曖昧さ回避
・アメリカのライアン・エアロノーティカル社が開発した複合動力型艦上戦闘機。
概要
Front-engine Rear-drive(フロントエンジン・リヤドライブ)の略称。
車体前部にエンジンを搭載し、プロペラシャフトを介して後輪を回転させる方式。1970年代ころまでは大衆車を含めた大多数の自動車の主流であった。現在もスポーツカーやレーシングカー、高級車、トラックにおいてはオーソドックスな駆動方式である。
前後の重量バランスを50:50の理想比に近づけやすく、前輪と後輪とで役割を分担してタイヤの性能と負荷に余裕が生まれるため、FFに比べて高性能なエンジンを積む事が容易である。そのため加減速がしやすく、特に坂道では登坂力と下りでのブレーキとタイヤ負荷の少なさに優れる。

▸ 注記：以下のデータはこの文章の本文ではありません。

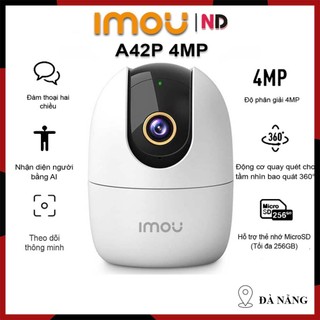 Camera wifi imou ranger a42p 2k 4mp góc xoay 360° đàm thoại 2 chiều - camera trong nhà giám sát gia đình 100% chính hãng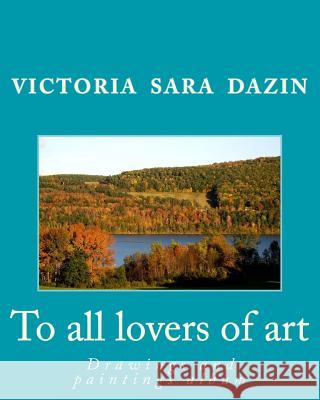 To all lovers of art: Drawings and paintings album Dazin, Victoria Sara 9781505344684 Createspace - książka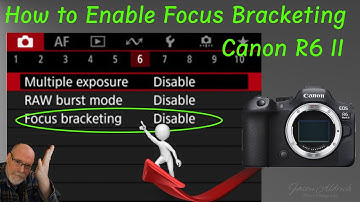 How to TURN ON Focus Bracketing on the Canon R6 II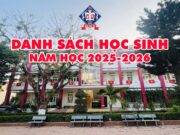 Danh sách học sinh, danh sách giáo viên chủ nhiệm và sơ đồ phòng học năm học 2025-2026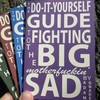The Do-It-Yourself Guide to Fighting the Big Motherfuckin' Sad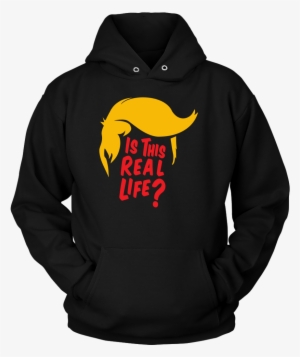 Donald Trump Hoodie -is This Real Life - Save My Sick Days Because I Know Come Fall I'm Gonna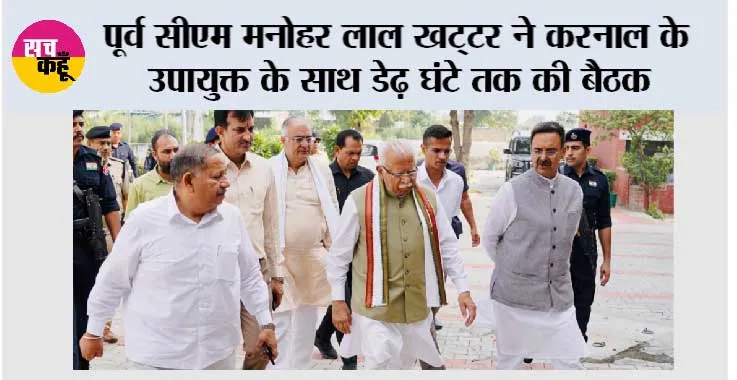 पूर्व सीएम मनोहर लाल खट्टर ने करनाल के उपायुक्त के साथ डेढ़ घंटे तक की बैठक, जानिये किस मसले पर…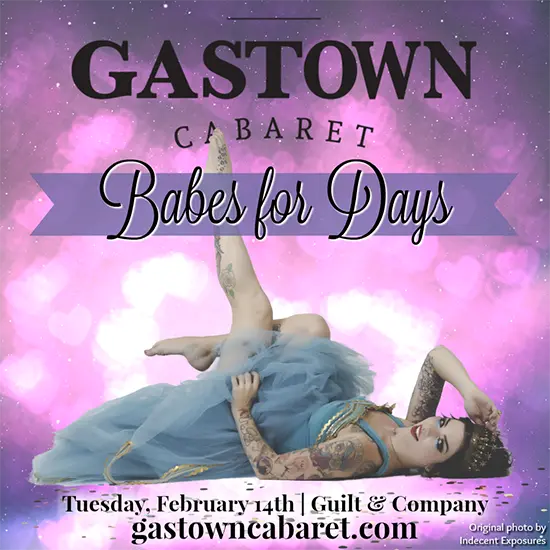 Gastown Cabaret Presents Babes for Days, Feb. 14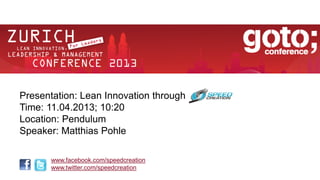 Presentation: Lean Innovation through
Time: 11.04.2013; 10:20
Location: Pendulum
Speaker: Matthias Pohle

       www.facebook.com/speedcreation
       www.twitter.com/speedcreation
 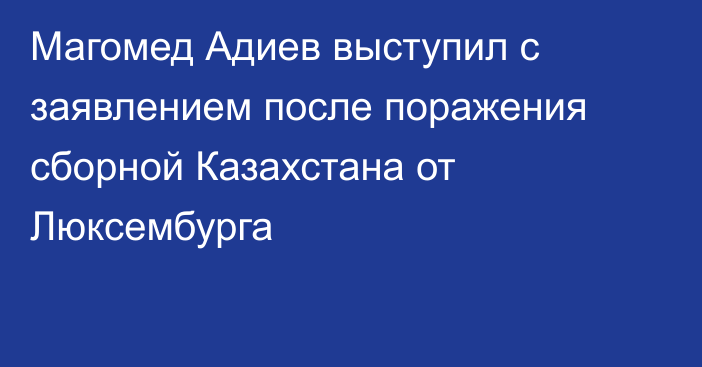 Магомед Адиев выступил с заявлением после поражения сборной Казахстана от Люксембурга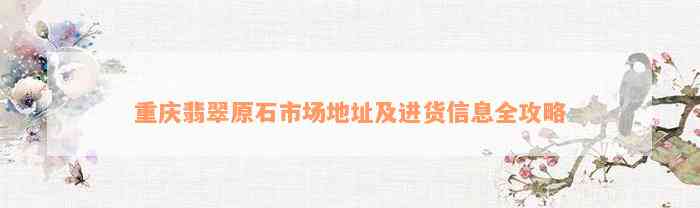 重庆翡翠原石市场地址及进货信息全攻略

ステアリングの切れ角を大きくとれるのでFFや4WDよりも小回りが利くクルマに仕立てやすい。
同じ後輪駆動のMRに比べるとコーナリングなどの運動性能で一歩譲るイメージがあるが、MRはフロントが軽過ぎてピーキーな操縦性であるのに対し、FRはより安定的でコントロールしやすく人員や荷物も載せやすいので市販車向きである。

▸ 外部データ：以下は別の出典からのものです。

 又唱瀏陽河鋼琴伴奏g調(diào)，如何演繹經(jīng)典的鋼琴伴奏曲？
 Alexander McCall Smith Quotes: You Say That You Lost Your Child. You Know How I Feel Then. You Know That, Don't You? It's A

挙動に癖やムラがなく、自動車本来の自然体な運転を最も味わいやすいレイアウトである。
このような特徴から、ドライビングを楽しむ事を第一に作られたスポーツカーや、高性能エンジンと走行性能がモノを言うレーシングカー、上質の乗り心地を求めるセダンなどの高級車、前後の重量バランスの崩れを嫌うトラックに採用されやすい。

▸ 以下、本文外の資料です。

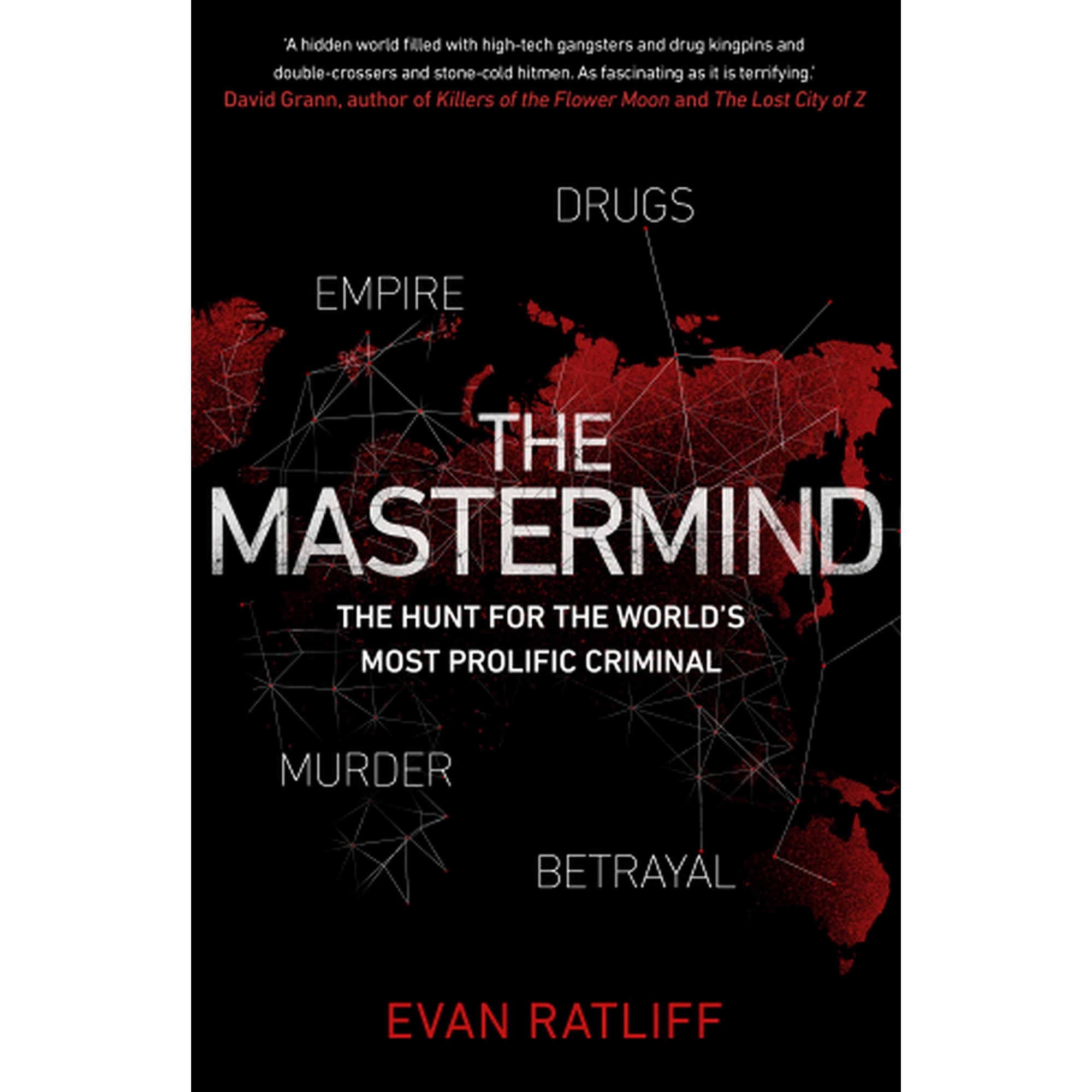 Mastermind - Evan Ratliff, ed 2019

特にノッチバック型セダンとの組み合わせは、走行性能と乗り心地のバランス性に優れ歴史的にも格式あるデザインになりやすい事から、乗用車として基本形かつ究極形のレイアウトであると言えよう。
一方で欠点として
- エンジンと後輪をつなげる長いプロペラシャフトを床下に通すので床に凹凸ができ、後部中央席の足元が狭まる
- プロペラシャフトは駆動損失に繋がり、燃費を悪化させる
- ハイパワーすぎるエンジンではMR・RRに比べてトラクション不足に陥りやすい
- 重心と駆動輪が少し離れていることなどから雨の路面やサーキット走行などで横滑りを起こしやすい
- 未舗装路や雪道な滑りやすい路面での安定性・トラクションではFFや4WDに比べ劣っている
などが挙げられる。
20世紀末以降、技術の発展でFFの方が生産コストを抑えられるようになったため、廉価車やミニバンなどにはほぼ採用されなくなった。またスポーツカーや高級セダンも性能を追求した結果4WDが増えてきたため、FRは著しく減少した。
国際自動車連盟(FIA)の定めるラリーカー規定の「グループRally」では、FR車は一台しか認定されていない。
しかしながら、小回りの利きやすさとブレーキ効率の良さから滑り始めてもある程度の運転技術さえあればすぐに車体を止めやすく、むしろフロントヘビーで駆動輪のブレーキ負荷がかかりやすいFFの方が完全にロックしてぶつかるまで止まりづらい、というケースも多いようである。北海道などのタクシー運転手がFRでもスイスイ運転できるのは、この特性をよく理解しているからだとも言われている(もちろん腕あってのことである)。
このFR車の横滑りやすさを逆手にとって、挙動をコントロールした状態でわざと車体をスライドさせるのがドリフト走行である。
そのためベース車がFF/MR/RR/4WDであっても、競技としてのドリフトでは基本的にFRのみが採用される。
電気自動車(EV)はレイアウトの自由度が高く後輪駆動の復権が期待されているが、フロントにエンジンを載せてプロペラシャフトで後輪を駆動する、という構造を取る必要がないため、FRにはならない。